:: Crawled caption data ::
#####

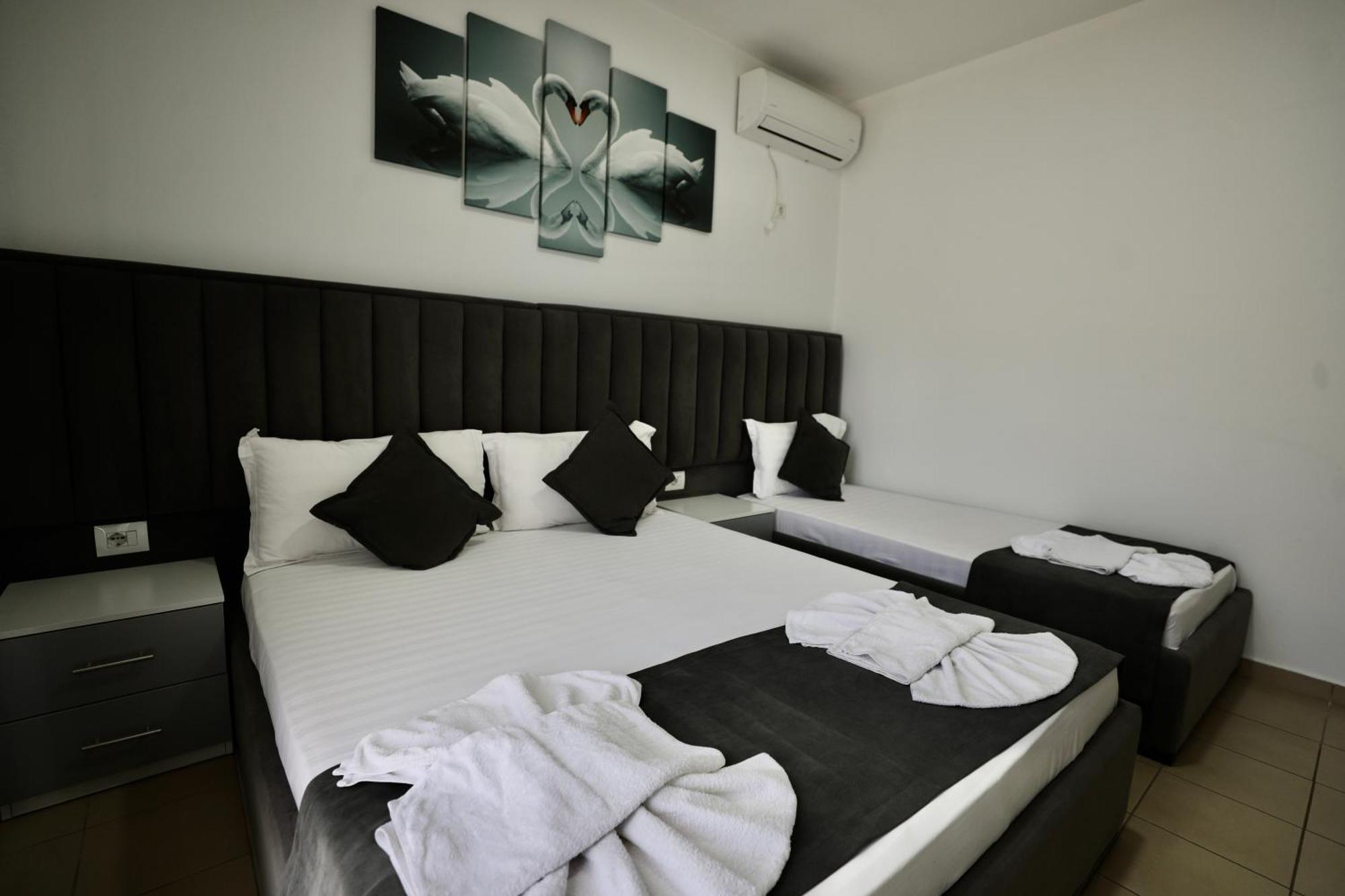 Hotel Vila Kapllani Саранда Экстерьер фото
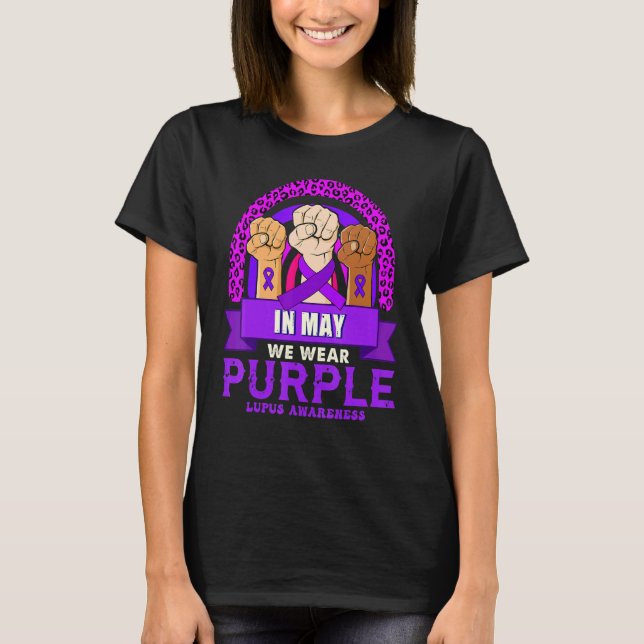 Camiseta Morado De Tos Altos En Mayo Usamos Lupus Warr Púrp (Anverso)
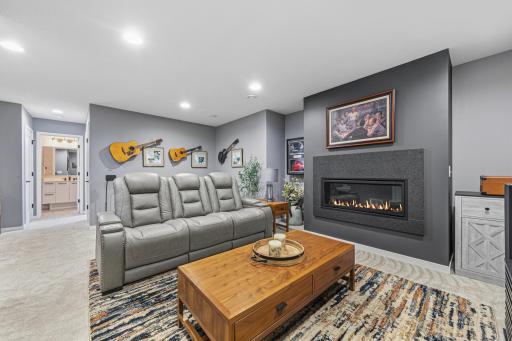 16150 Durango Trail, Lakeville, MN 55044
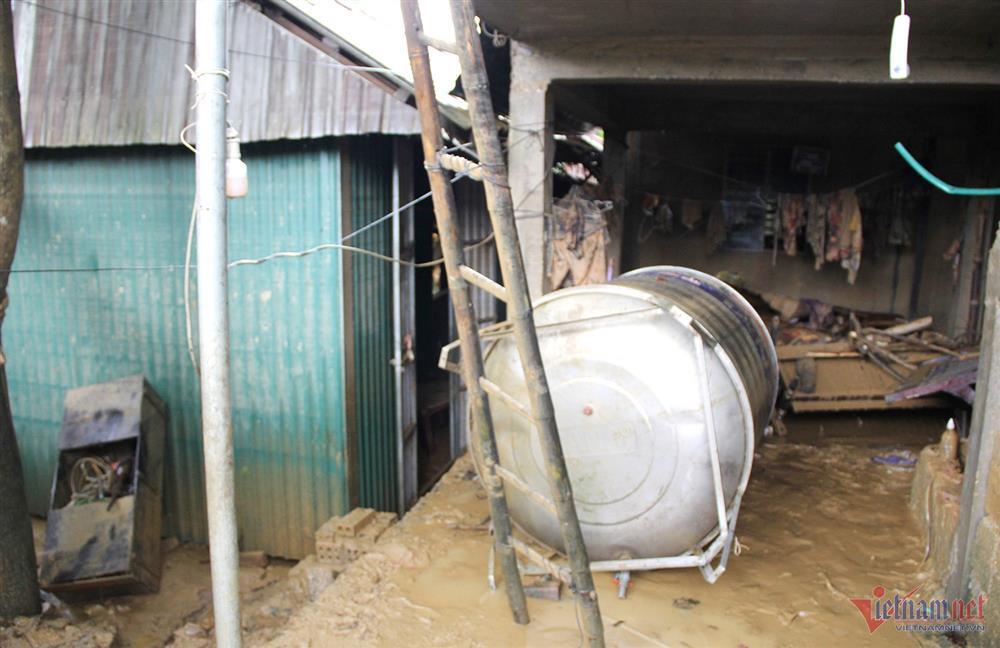 Lũ ngập tận nóc nhà, cụ bà thoát chết nhờ chiếc đệm hơi-9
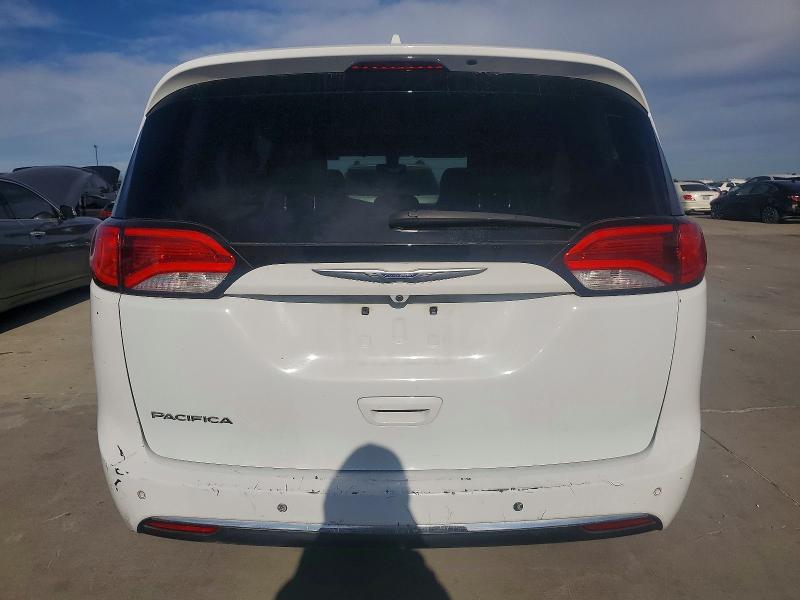 Photo 6 from auction – 2019 CHRYSLER PACIFICA T with VIN 2C4RC1BG8KR537139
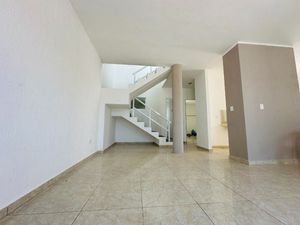 CASA EN VENTA EN MERIDA, LAS AMERICAS REMODELADA CON TERRAZA,4 HAB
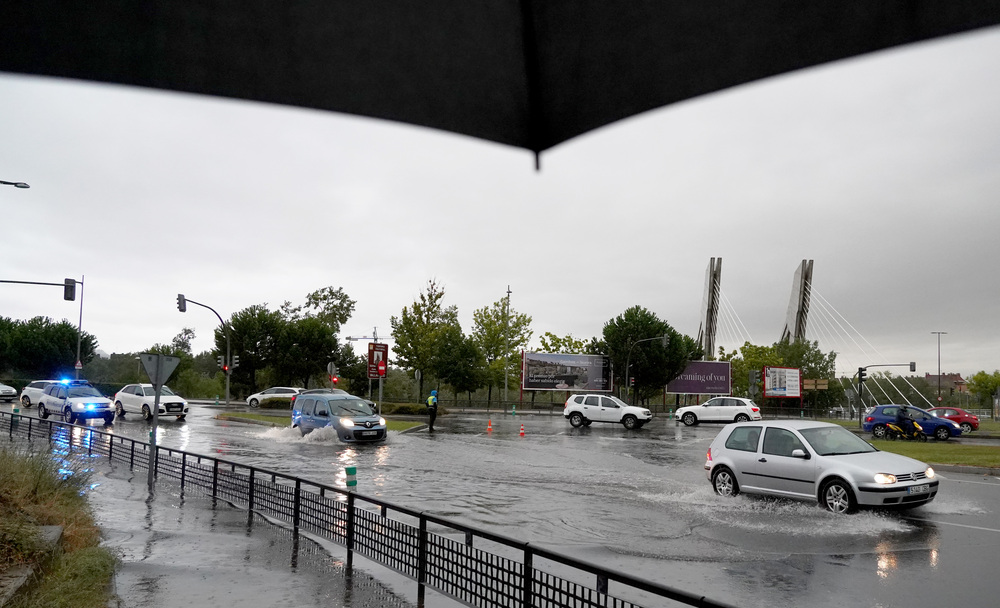 Imagen de las fuertes lluvias en Valladolid.  / LETICIA PREZ ICAL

#####

:: WORK TO BE COMPLETED ::
Please return the lines from the line with "16150 Durango Trail, Lakeville, MN 55044" through the last line of the data, both included, exactly, and without pictures.

:: YOUR SOLUTION ::
 16150 Durango Trail, Lakeville, MN 55044
 Lũ ngập tận nóc nhà, cụ bà thoát chết nhờ chiếc đệm hơi-9
 Photo 6 from auction – 2019 CHRYSLER PACIFICA T with VIN 2C4RC1BG8KR537139
 CASA EN VENTA EN MERIDA, LAS AMERICAS REMODELADA CON TERRAZA,4 HAB
 Imagen de las fuertes lluvias en Valladolid.  / LETICIA PREZ ICAL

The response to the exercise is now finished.